Download here, if you want to play around with it. However, I can’t guarantee it will work with your machine cause the only ones I’ve tested it on is my desktop and my laptop. And both are pretty beefy machines. So, good luck.
I had to demo my progress to my professor this week so I worked on it a lot. Some changes I made are:
“Infinite” terrain. The world is now made of chunks of voxels. I add and remove chunks from a chunk buffer so that only chunks around the player are actually loaded and drawn. The generating is done asynchronously so it doesn’t kill the framerate.
Caves, overhangs, and tunnels. I took some pointers from notch’s post about terrain generation and so now terrain is now generated through a density map. I fill the 3D density map by sampling 3d Perlin noise, augmented by turbulence, at specific intervals. Then I just use trilinear interpolation to fill in the missing details. The resulting density map is then cut to form tunnels using another rigid multi fractal noise generator.
Basic materials (grass, dirt, sand, stone, water). These are determined using the density map described above and depth information. Densities less than 0 are air blocks. Other types of blocks are determined by a combination of depth and density. I’m still not happy with this because, as you can see from the video, areas under certain overhangs leave a silhouette of stone.
Much better performance (200 fps vs 19 fps). This is mainly thanks to face culling and only drawing faces that are touching air blocks. Right now I’m using display lists. I tried using VBOs but I’m still kind of confused on how to actually use it correctly. There is a bunch of conflicting information about deprecated functions and stuff. But I’m pretty happy with display lists so far.
For the future: textures, better and less weird terrain, skybox, better lighting, trees?, and flowing water?
So I just started working on this procedurally generated voxel/boxel terrain thing for my computer graphics final project. The above screen shot is what it looks like after a couple hours of work. That’s a 200×200 grid. And yes, sadly, that is 19 frames per second.
Right now, I’m just generating the terrain using 2D Perlin noise stored in a heightmap.
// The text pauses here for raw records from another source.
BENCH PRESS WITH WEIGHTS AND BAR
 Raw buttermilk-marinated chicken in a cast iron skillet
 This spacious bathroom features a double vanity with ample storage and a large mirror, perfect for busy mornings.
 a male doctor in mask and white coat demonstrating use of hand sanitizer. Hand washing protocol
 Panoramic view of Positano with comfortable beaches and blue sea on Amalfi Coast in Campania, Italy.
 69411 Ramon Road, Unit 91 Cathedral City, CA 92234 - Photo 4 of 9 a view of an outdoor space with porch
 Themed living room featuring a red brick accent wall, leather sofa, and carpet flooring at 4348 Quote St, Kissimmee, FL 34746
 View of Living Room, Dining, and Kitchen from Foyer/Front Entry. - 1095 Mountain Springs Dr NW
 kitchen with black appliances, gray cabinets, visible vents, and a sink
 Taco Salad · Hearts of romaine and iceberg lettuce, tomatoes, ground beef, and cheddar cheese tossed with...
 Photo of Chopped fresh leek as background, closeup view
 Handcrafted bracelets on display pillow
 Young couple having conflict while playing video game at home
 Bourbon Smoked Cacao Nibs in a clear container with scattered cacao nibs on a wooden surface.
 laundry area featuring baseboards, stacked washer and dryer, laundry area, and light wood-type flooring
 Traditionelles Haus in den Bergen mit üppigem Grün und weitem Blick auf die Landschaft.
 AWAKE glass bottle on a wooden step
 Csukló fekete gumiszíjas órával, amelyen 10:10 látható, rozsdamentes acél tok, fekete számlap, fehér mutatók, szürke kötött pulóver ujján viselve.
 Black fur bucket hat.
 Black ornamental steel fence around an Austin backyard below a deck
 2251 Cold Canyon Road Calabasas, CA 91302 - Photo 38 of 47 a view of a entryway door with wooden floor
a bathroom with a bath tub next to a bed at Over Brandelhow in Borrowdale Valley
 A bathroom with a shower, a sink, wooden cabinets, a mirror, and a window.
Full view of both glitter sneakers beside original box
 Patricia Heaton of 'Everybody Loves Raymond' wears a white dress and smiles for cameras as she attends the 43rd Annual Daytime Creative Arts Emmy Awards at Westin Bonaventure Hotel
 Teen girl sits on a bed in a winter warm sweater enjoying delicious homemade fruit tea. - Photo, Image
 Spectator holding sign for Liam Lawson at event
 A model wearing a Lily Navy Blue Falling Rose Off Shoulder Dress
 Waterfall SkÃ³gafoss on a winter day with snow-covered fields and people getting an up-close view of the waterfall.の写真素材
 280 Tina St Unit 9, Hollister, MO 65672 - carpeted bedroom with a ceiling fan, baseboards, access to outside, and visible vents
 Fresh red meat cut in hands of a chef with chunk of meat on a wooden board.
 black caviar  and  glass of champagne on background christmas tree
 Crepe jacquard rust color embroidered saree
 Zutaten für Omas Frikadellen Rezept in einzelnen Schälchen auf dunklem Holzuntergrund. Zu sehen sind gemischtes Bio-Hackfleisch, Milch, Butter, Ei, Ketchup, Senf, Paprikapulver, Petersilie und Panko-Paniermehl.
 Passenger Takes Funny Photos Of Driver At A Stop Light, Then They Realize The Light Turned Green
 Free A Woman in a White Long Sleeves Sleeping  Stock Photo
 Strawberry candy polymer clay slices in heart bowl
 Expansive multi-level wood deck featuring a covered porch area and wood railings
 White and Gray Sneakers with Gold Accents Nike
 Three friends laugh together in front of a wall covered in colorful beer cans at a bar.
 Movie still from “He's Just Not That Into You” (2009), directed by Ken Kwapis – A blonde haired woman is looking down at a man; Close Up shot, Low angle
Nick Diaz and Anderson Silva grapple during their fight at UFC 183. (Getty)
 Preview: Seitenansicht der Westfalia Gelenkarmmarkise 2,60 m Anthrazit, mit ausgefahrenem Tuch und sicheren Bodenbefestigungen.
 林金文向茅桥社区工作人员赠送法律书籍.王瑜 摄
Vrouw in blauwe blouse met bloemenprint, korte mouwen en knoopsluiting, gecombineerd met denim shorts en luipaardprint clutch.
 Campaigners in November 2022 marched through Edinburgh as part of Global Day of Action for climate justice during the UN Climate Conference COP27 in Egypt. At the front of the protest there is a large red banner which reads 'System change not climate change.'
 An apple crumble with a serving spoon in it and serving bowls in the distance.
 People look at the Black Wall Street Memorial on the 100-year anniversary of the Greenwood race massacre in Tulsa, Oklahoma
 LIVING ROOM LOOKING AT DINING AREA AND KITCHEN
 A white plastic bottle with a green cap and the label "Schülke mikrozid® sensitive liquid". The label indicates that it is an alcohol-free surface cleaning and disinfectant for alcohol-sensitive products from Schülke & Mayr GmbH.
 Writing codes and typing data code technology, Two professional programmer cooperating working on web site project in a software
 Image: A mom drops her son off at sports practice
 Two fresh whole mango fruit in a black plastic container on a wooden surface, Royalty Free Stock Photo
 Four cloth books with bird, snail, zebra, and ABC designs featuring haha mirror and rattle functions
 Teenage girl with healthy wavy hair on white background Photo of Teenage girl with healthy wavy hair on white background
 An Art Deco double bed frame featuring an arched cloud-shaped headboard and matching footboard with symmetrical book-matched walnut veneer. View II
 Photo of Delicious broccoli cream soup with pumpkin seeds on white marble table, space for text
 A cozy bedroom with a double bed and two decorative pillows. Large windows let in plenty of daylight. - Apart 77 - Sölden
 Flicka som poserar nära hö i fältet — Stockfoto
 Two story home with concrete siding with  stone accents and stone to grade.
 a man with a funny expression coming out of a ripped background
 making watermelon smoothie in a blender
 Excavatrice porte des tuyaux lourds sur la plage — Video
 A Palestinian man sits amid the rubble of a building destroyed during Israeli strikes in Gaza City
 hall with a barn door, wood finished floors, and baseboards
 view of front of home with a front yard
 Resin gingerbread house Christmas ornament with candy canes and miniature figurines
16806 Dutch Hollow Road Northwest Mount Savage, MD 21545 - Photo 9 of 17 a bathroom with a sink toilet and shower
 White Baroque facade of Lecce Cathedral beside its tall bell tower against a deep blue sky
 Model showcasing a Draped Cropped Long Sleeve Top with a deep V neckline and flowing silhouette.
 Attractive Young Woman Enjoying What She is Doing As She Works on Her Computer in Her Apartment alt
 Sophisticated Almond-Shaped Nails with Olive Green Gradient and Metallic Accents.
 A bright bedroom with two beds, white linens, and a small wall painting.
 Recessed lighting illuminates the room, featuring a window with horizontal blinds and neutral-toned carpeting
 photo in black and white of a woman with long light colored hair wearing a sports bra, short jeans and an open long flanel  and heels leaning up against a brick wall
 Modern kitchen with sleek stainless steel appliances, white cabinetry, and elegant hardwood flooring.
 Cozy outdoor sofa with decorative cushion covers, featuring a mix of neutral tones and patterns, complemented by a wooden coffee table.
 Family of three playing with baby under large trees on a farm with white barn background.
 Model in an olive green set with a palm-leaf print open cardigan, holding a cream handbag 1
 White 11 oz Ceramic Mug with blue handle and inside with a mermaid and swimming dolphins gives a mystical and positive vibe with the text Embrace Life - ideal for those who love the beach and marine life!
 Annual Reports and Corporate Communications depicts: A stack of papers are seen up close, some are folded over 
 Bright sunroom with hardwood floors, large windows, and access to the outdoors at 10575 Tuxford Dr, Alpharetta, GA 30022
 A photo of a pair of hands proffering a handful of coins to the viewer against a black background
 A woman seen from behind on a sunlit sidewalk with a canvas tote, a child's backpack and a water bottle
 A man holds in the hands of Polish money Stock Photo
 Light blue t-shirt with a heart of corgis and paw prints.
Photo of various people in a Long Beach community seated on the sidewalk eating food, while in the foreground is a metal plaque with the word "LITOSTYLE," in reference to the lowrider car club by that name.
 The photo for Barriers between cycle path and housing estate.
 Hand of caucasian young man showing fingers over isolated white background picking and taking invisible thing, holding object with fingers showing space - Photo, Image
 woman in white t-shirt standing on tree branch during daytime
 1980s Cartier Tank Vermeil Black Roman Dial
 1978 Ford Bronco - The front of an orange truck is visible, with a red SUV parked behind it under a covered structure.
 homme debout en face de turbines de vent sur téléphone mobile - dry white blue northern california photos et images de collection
Using a heightmap isn’t really ideal since I can’t really use it to store caves or overhangs. Eventually I’m going to update that to an octtree and use some combination of 3D Perlin noise stuff for generating the map.
For drawing, I just draw every single block which pretty much explains the 19 FPS. I have some ideas for optimizing it, such as only drawing blocks that are inside the view frustum and only drawing faces that are touching empty blocks, but I haven’t gotten around to doing that. My OpenGL skills aren’t there yet.
Here is an unfinished mockup of a game I started making. The concept was pretty much tetris but you don’t control the tetrominoes directly. You control a little construction robot worker that can catch, carry, and throw them. There would be a evil dude in the crane that would be dropping pieces to mess you up.
I started working on the game a few week ago. Currently, the player can run around, jump, pick up pieces, and throw pieces. It’s not really in a playable state and I don’t think I’m going to continue working on it. After implementing those basic player mechanics, I realized it wasn’t that much fun. So I’m scraping it.
For me, the actual purpose of the project was to learn how to implement and use a entity-component system. It’s a system where game entities are made up of different components (health, position, spatial) rather than being subclasses of a parent entity. I got that part of the game working so I guess it was worth working on.
Maybe I’ll pick this up again at a later time. Probably not.
So I had an interview for an job yesterday. In fact, it was my first job interview. It went okay.
One of the technical questions the interviewer asked was to create a data structure that would insert in O(log n) and return an iterator that would iterate the data back in sorted order in O(n) time. I knew it was a binary tree and the iterator would use an inorder traversal of the tree so I started typing it out.
But when I got to the iterator part, I just couldn’t figure it out. I knew for sure it was an inorder traversal but I couldn’t figure out how to turn the recursive algorithm that I knew into an iterative one. So I sat there and drew some trees to try and visualize the algorithm for it. I thought using a stack for the traversal would also probably work but I couldn’t figure that out either. And then time was up.
So we continued the interview. I asked some questions about the position. Then the interview ended.
I hung around for a little bit with a friend that worked there and referred me for the job then we biked back to our dorms. As soon as I got back I opened up Visual Studio and worked on the problem again because I knew that if I didn’t I’d probably end up staying up all night thinking about it.